Shannon SmithAlbany Advertiser
Gwen Norman turned 100 on Sunday.
Camera IconGwen Norman turned 100 on Sunday. Credit: Laurie Benson/Picture: Laurie Benson, Laurie Benson Albany Advertiser

Albany celebrated the 100th birthday of one of its most dedicated volunteers, Gwen Norman, on Sunday.

As a volunteer at the City of Albany for 34 years, Mrs Norman and her late husband Gordon tirelessly preserved the region’s history with work towards the Albany History Collection.

The pair were instrumental in creating a searchable card catalogue of Albany’s newspapers, and when the collection came online in the 1990s, it pioneered digital access to archives in the region.

Mrs Norman moved to Albany in 1943 as a sergeant in the Australian Women’s Army Service, and she said preserving the town’s history had been very important to her.

“Gordon and I started off reading all the old newspapers right at the very beginning and Gordon used to take the dates and names and events and I would transcribe them onto little cards,” she said. “We stopped that in 1997 and transferred all those cards onto the computer and I took over, “oral typing” the stories of people that had been put onto tapes.

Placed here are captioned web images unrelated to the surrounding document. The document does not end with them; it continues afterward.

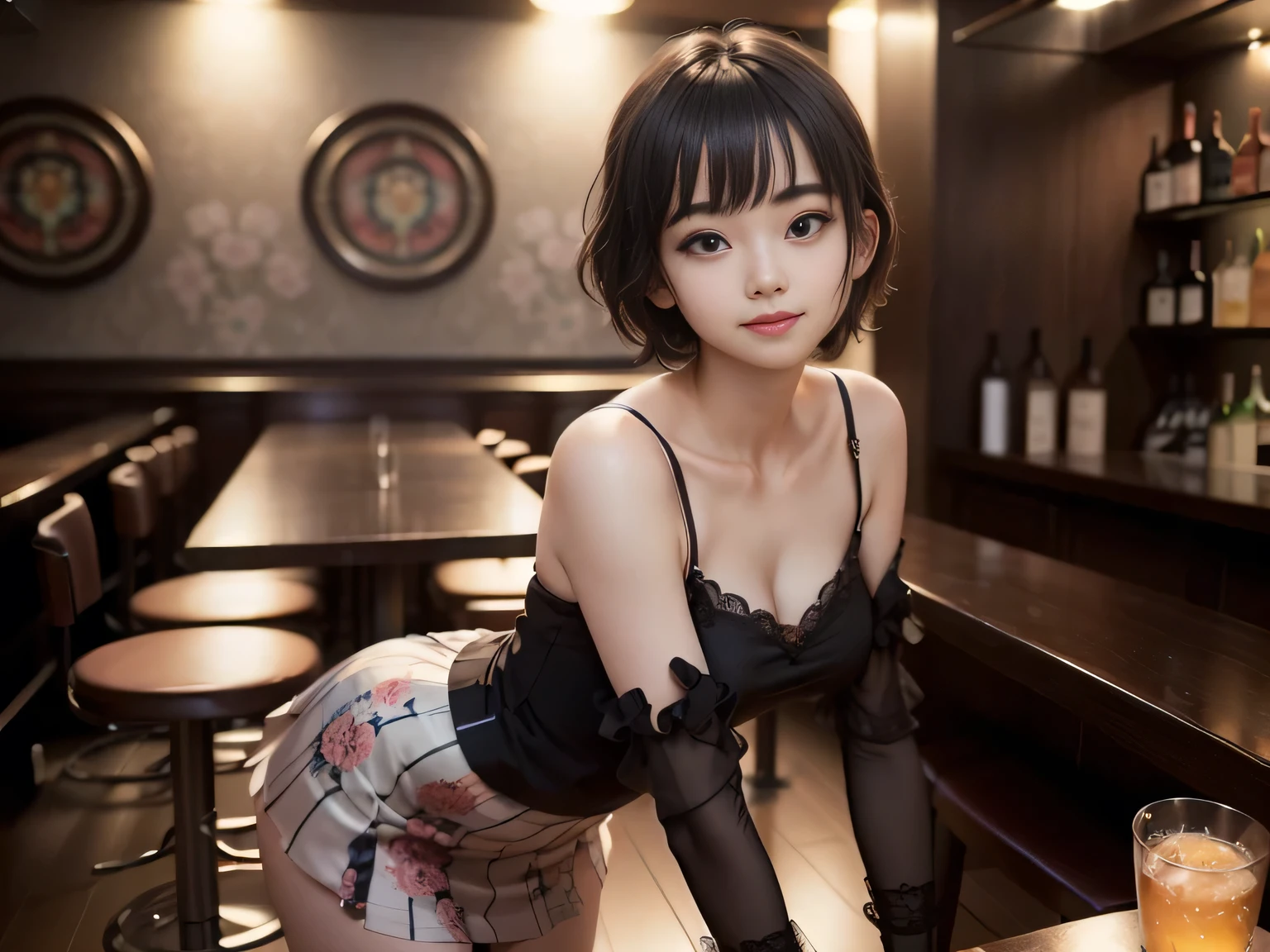 Highest quality, masterpiece, Ultra-high resolution, 8k, RAW Photos, Realistic, Anatomically correct:1.5), 20-year-old girl:1.2, Embarrassing, avert your eyes, blush:1.0, View Viewer, ((bar)) 、Large windows、Night view、 Light:1.2, Bokeh, Cinema Lighting:1.0, sharp、 Cute Face、Idol、Black short sleeve tulle top、Black tulle skirt、Silk-colored clothes、”dwarf”、(Floral clothes)、(Full Body Shot)、Side angle、Cowboy Shot、I can see your thighs、 smile、((Ultra short hair、Berry Short))、(Straight bangs)、(( One Girl))、(Waist)、(I can see your thighs)、(Accurate depiction)、((Fuller lips)),Large Breasts、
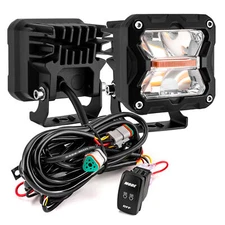 2x 40W 3" Strobe LED Work Light Bar Spot Driving Pods Ditch Fog Lamp Amber DRL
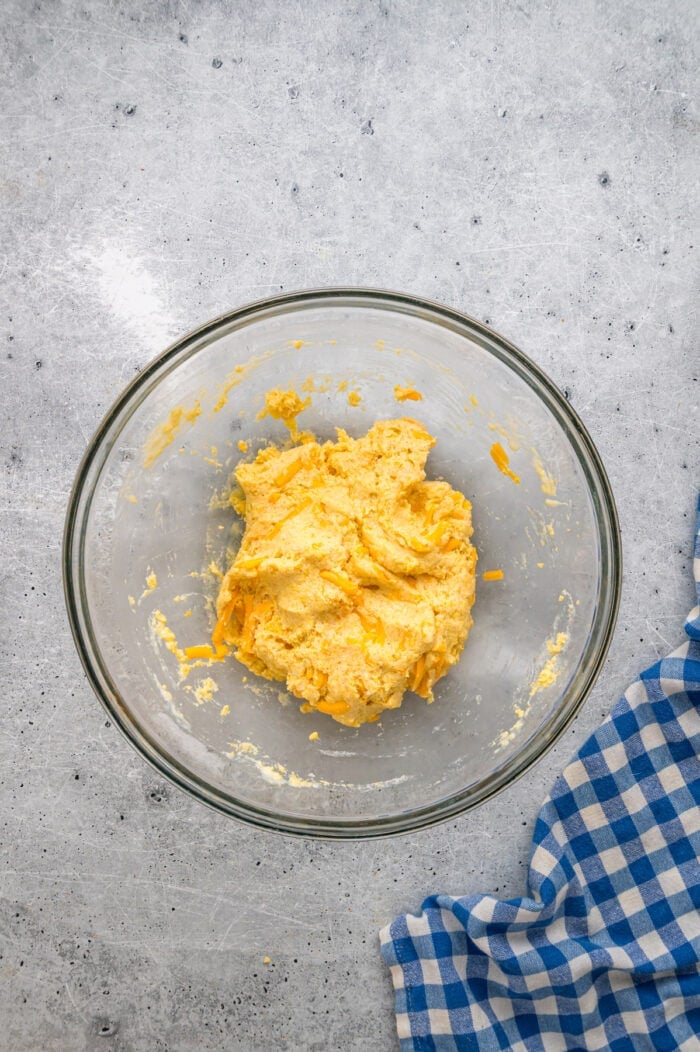 Cornbread batter in a bowl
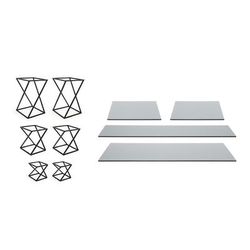 Front of the House BST012MUM28 10 Piece BÂ³ Buffet Building Blocks Riser Set - Smoke Glass/ Matte Black Iron, Multi-Colored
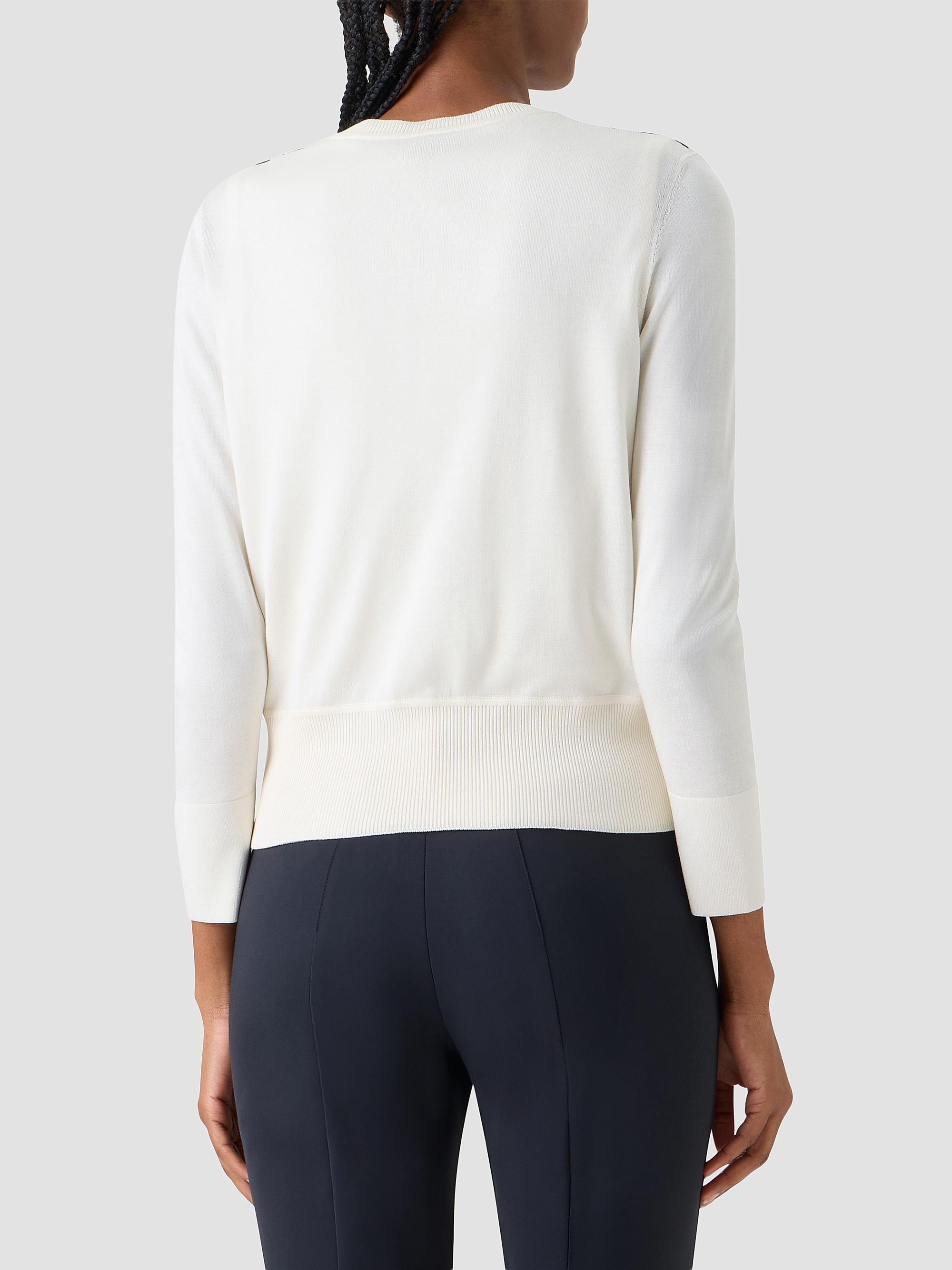 Akris Women's Printed Silk Long-Sleeve Cardigan - Ecru Black | Thumbnail 3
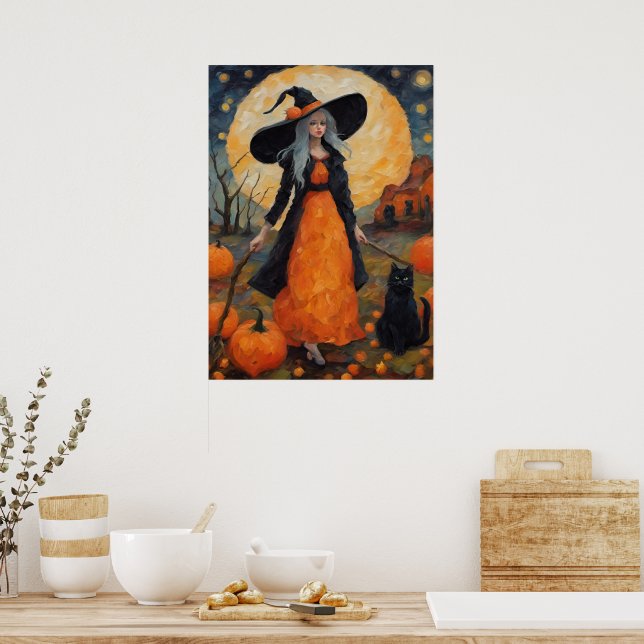  Bewitching Brew & Midnight Meow | Halloween Witch Poster (Kitchen)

“Now I am transferring archives and reading them and taking in all the dates and information.”

When asked what the best lesson she had learnt over her years, she said patience was the most valuable thing.

“You have to wait for things to happen and not force them on,” she said.

“The best thing that ever happen was being transferred here in the army and meeting Gordon,

“I don’t know what my secret to a long life is but I have always been very active and never turned anything down and taken an interest in everything around me.”

Mrs Norman is the proud parent of two children and has five grandchildren and four great-grandchildren.

She celebrated the milestone with her family.